[Scraped caption text data]
■ ■ ■ ■

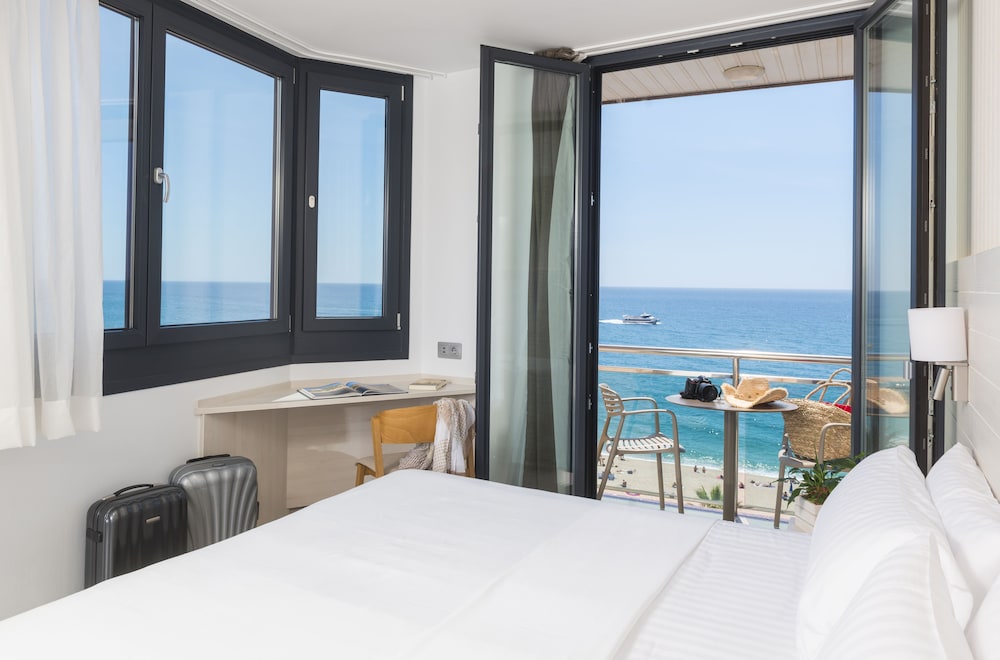 GRAND, TRIPLE, SEA VIEW, BALCONY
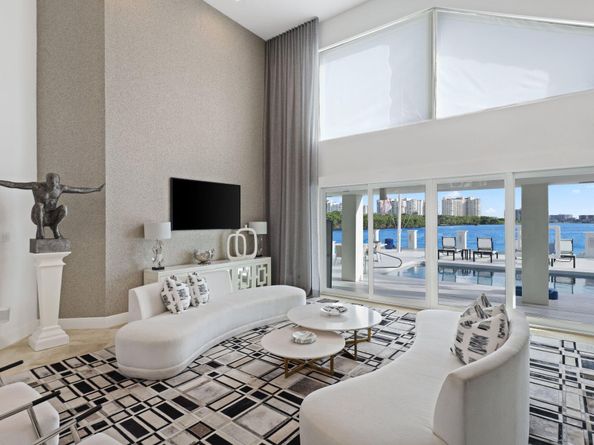 7400 NE Orchid Bay Terrace, Boca Raton FL 33487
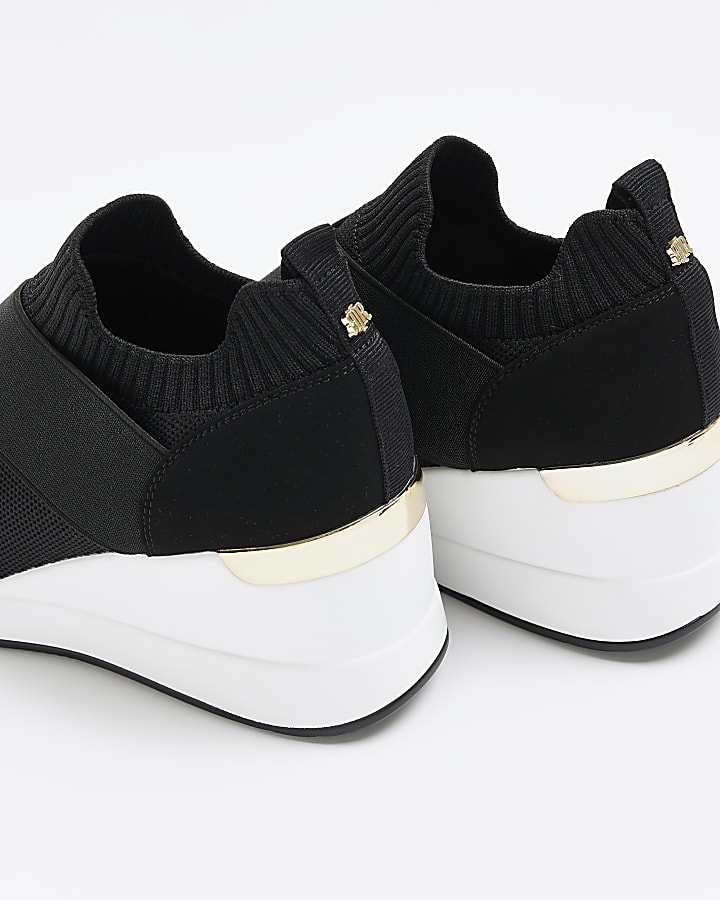 Black knitted wedge shoes
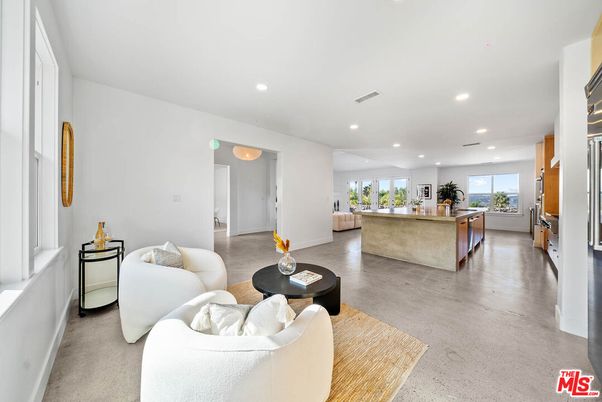 Interior, Kitchen, Living room, Recessed Lighting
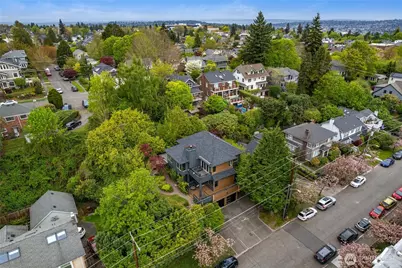 1803 Bigelow Avenue N, Seattle, WA 98109 - Photo 27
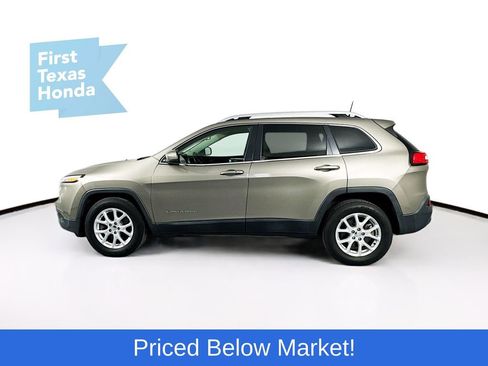 Used 2017 Jeep Cherokee Latitude w/ Comfort/Convenience Group image 4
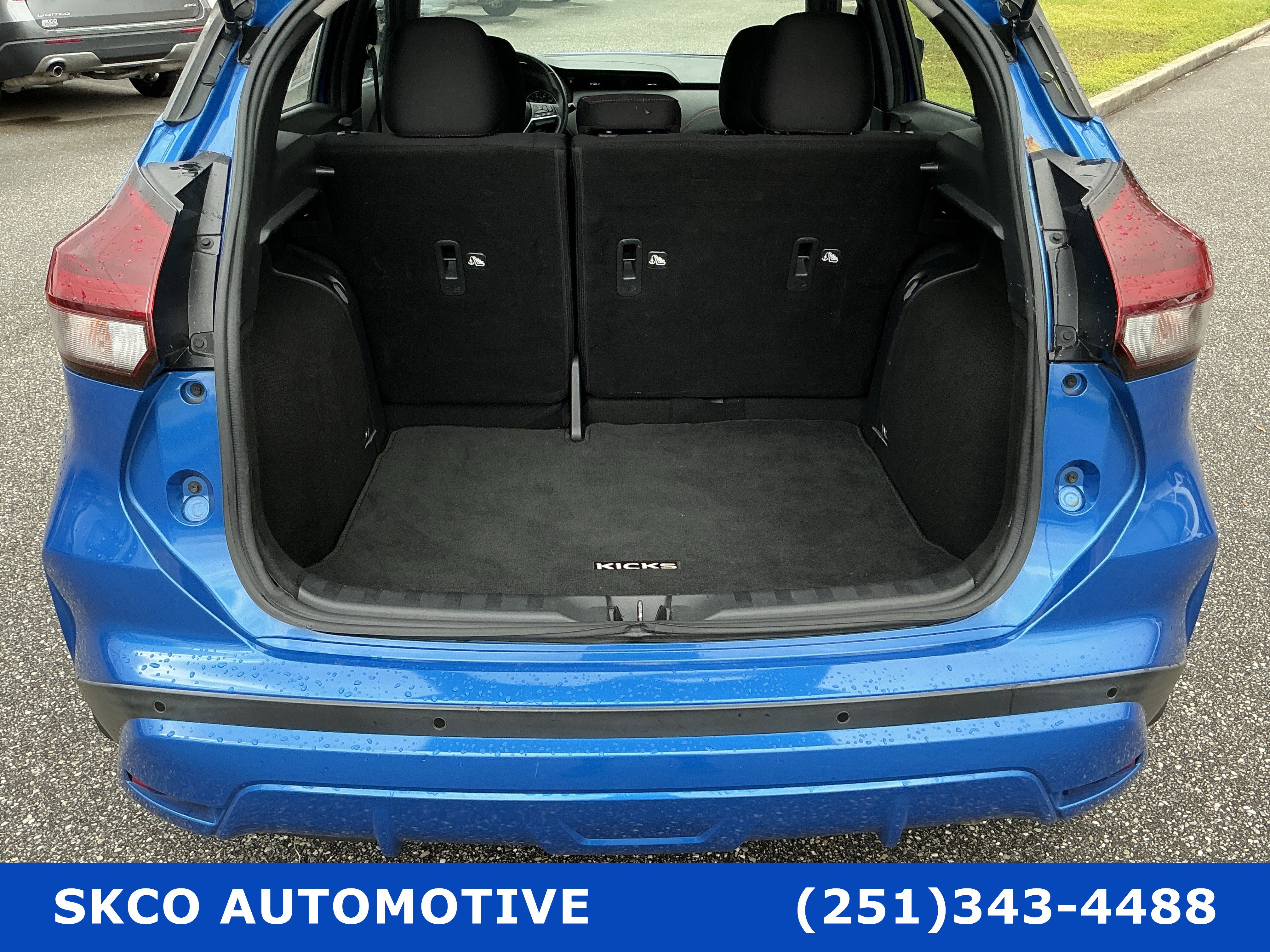 Used 2022 Nissan Kicks SR image 21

■ ■ ■ ■

## What you have to do:
Print once more, exactly, the lines from the one with "Used 2017 Jeep" through the last line of the data, both ends included, without any pictures.

## Solution:
 Used 2017 Jeep Cherokee Latitude w/ Comfort/Convenience Group image 4
 Used 2022 Nissan Kicks SR image 21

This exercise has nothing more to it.